Kareem is referencing the murders in Minneapolis this week, 
But he expressed so well what I frequently feel about people remaining silent when they hear Dhamma teachers, monastics corrupting teachings and staying silent.


 
Kareem’s Daily Quote

“…when we are silent, we are still afraid.
So it is better to speak.”
— Audre Lorde

Audre Lord, for those who may not know,
 was an activist who dedicated her life to confronting all manner of injustice.
When I first read that line back in the 1970s,
 it didn’t feel so much a suggestion as a reminder of something I’ve tried to live my entire life.
Speaking out—especially when the world would much prefer your silence—is not an act of rebellion.
It’s an act of responsibility.
And for those of us who have witnessed injustice up close,
 silence isn’t a good place to hide.
It’s a surrender.

I learned that early on.
Long before I became Kareem Abdul‑Jabbar the basketball player,
 I was Lew Alcindor, a young Black man growing up in a country that insisted it was post‑racial while showing me,
 every day, that it wasn’t.
By the time I got to UCLA, I had already seen enough to know
that staying quiet would not protect me or anyone who looked like me.
I had watched cities burn after Dr. King’s assassination.
I had seen the bodies.
I had heard the grief.
I had lived the fear.
Speaking up wasn’t a choice.
It was the only honest response.

Lorde made it clear in her writings and speeches that silence is the oxygen injustice breathes.
Power thrives when people doubt their own eyes,
 when they’re told that the story they witnessed isn’t the story that occurred.
And that’s why Lorde’s words feel even more urgent today.
We live in a time when institutions rewrite events before the truth has even settled.
When videos contradict official statements,
 and people holding cameras are treated like threats.
When accountability is promised in press releases but avoided at all costs in practice.
In moments like these, speaking out becomes more than expression.
It becomes evidence.

I’ve spent decades writing about social justice not because I enjoy controversy or love the attention,
 but because I’ve seen what happens when we let others define reality for us.
I’ve watched institutions claim they value equality while their actions tell a different story.
I’ve watched leaders talk about accountability while dismantling the very tools that make accountability possible.
And I’ve watched ordinary people, often the most vulnerable among us,
 risk their safety just to bear witness—and then tell the stories of what really happened.

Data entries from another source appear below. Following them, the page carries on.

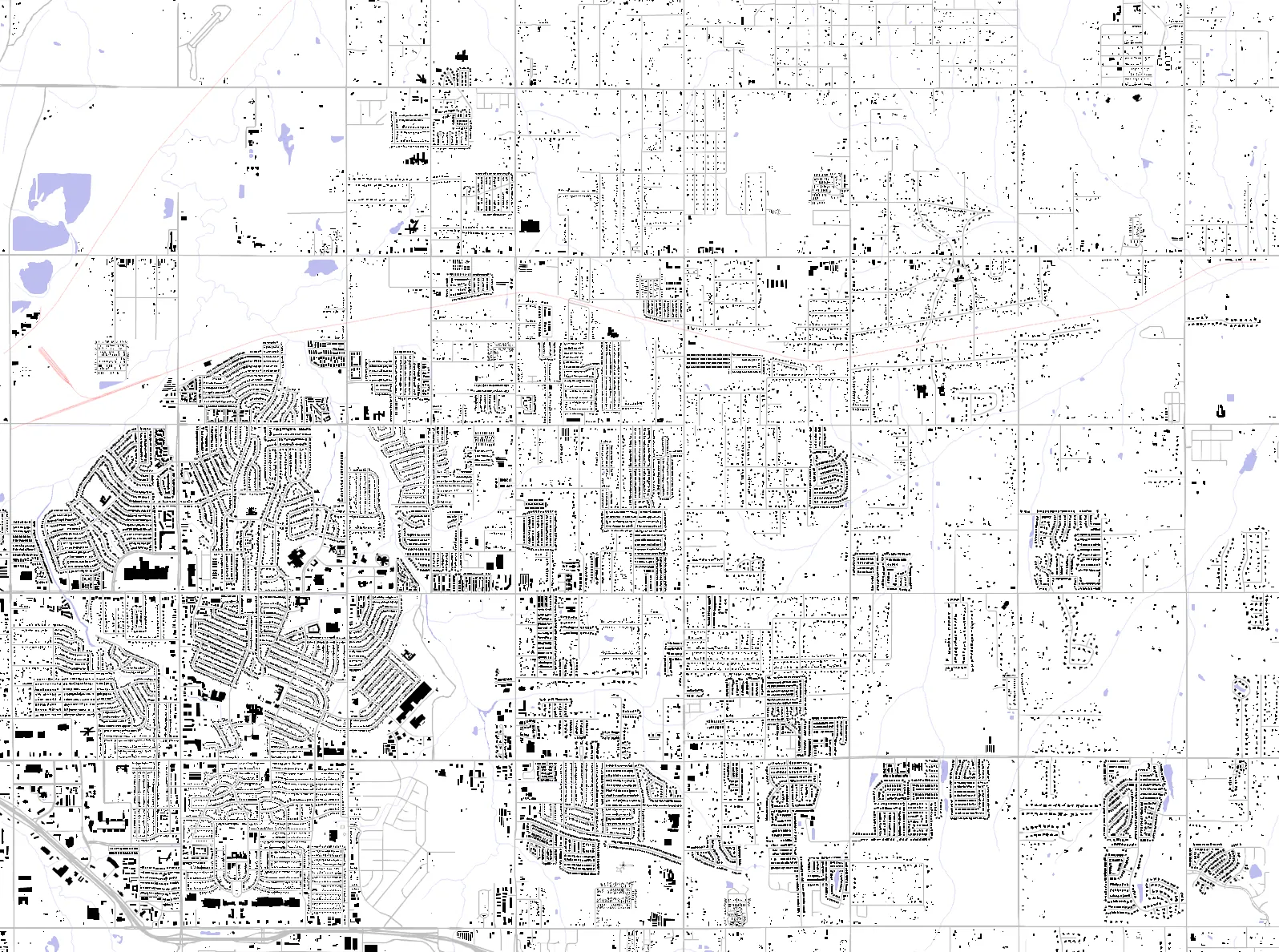 Midwest City figure ground plan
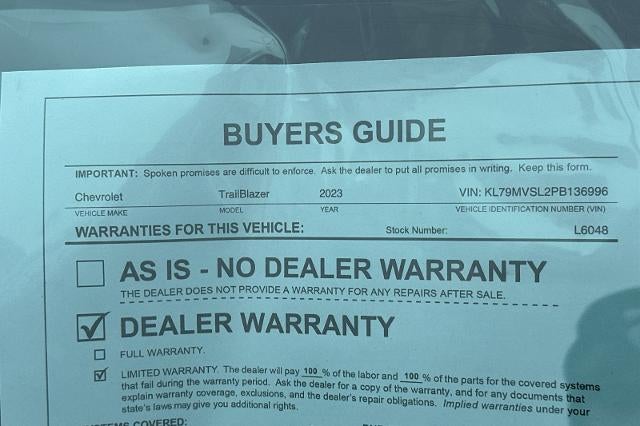 2023 Chevrolet Trailblazer ACTIV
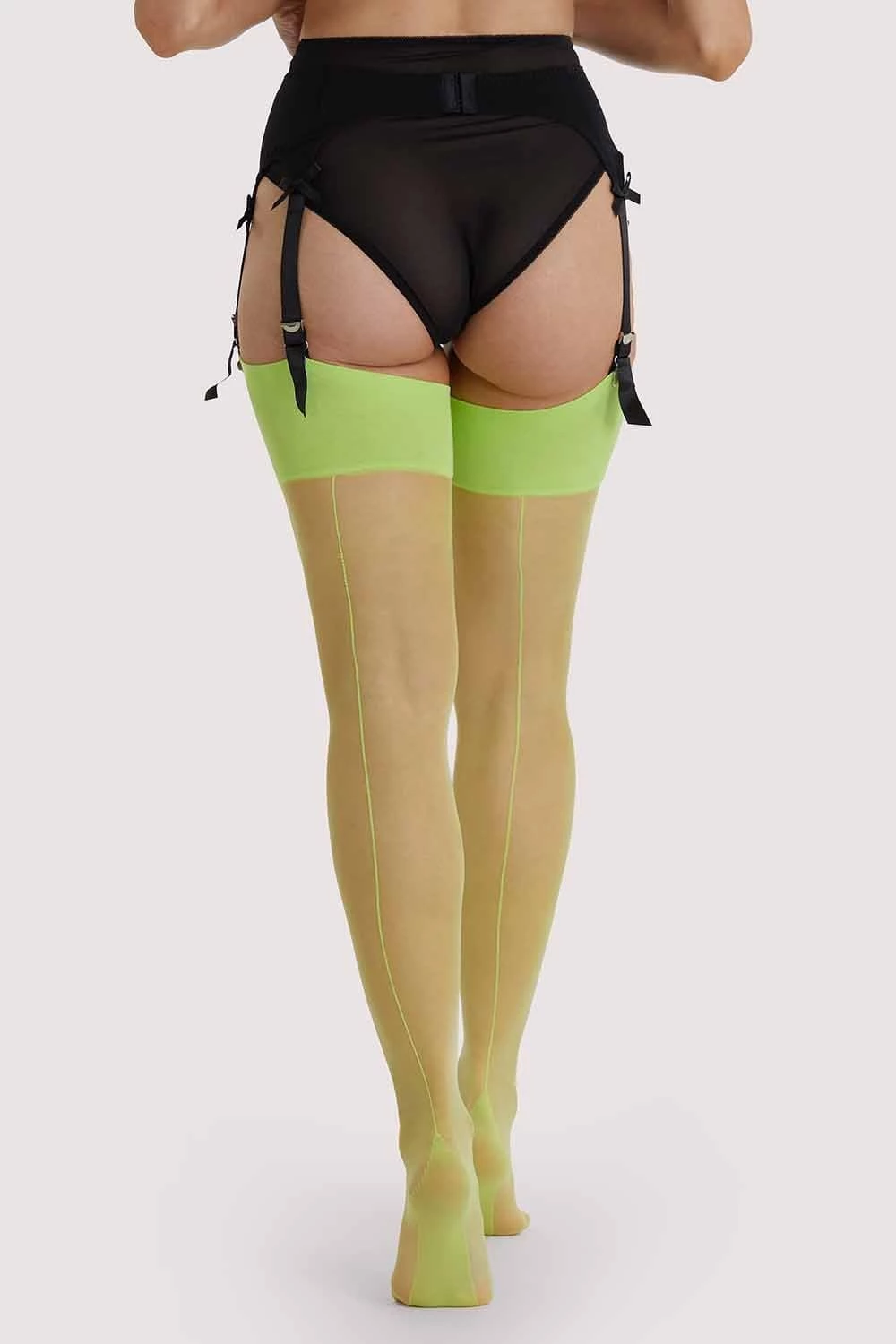 Best deal 😉 Playful Promises Hosiery Seamed Stockings Acid Lime US 4 - 18 Tall 🛒 1 Playful Promises Hosiery Seamed Stockings Acid Lime US 4 - 18 Tall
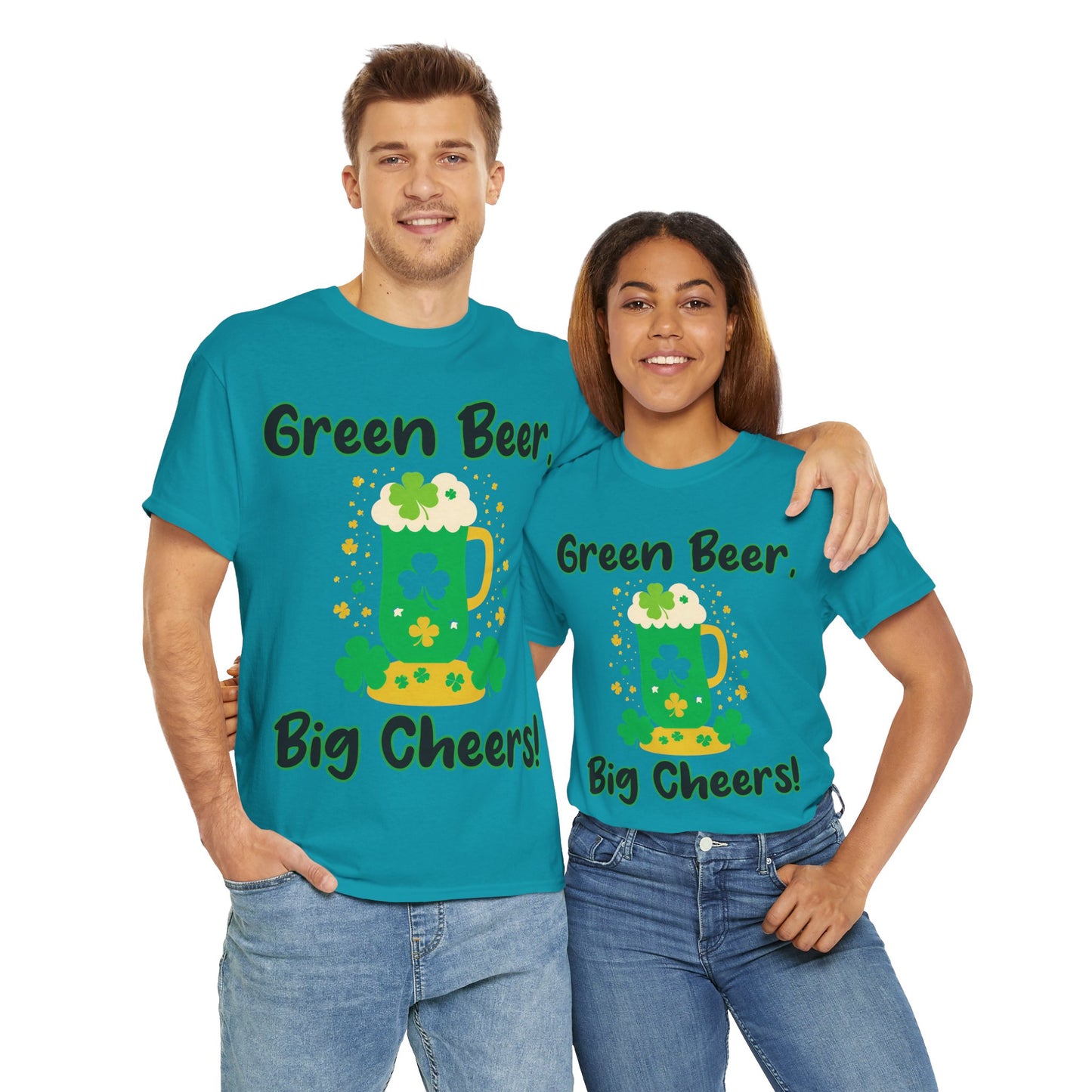 Green Beer, Big Cheers! - St. Patrick's Day Unisex Heavy Cotton Tee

That’s why Lorde’s quote is so apt, especially today,
 this week.
Speaking out is not just about raising your voice.
It’s about refusing to let others erase the truth.
It’s about standing firm when the narrative being pushed is easier,
 cleaner, more convenient than the messy reality.
It’s about honoring the people who can no longer speak for themselves.

I’ve lived long enough to know that speaking doesn’t guarantee change.
But silence guarantees nothing at all.
And if there’s one lesson I hope younger generations carry forward,
 it’s this: your voice is not small.
Your testimony matters.
Your refusal to be silenced is part of a long,
 unbroken line of people who believed that truth not only deserves defenders…it demands them.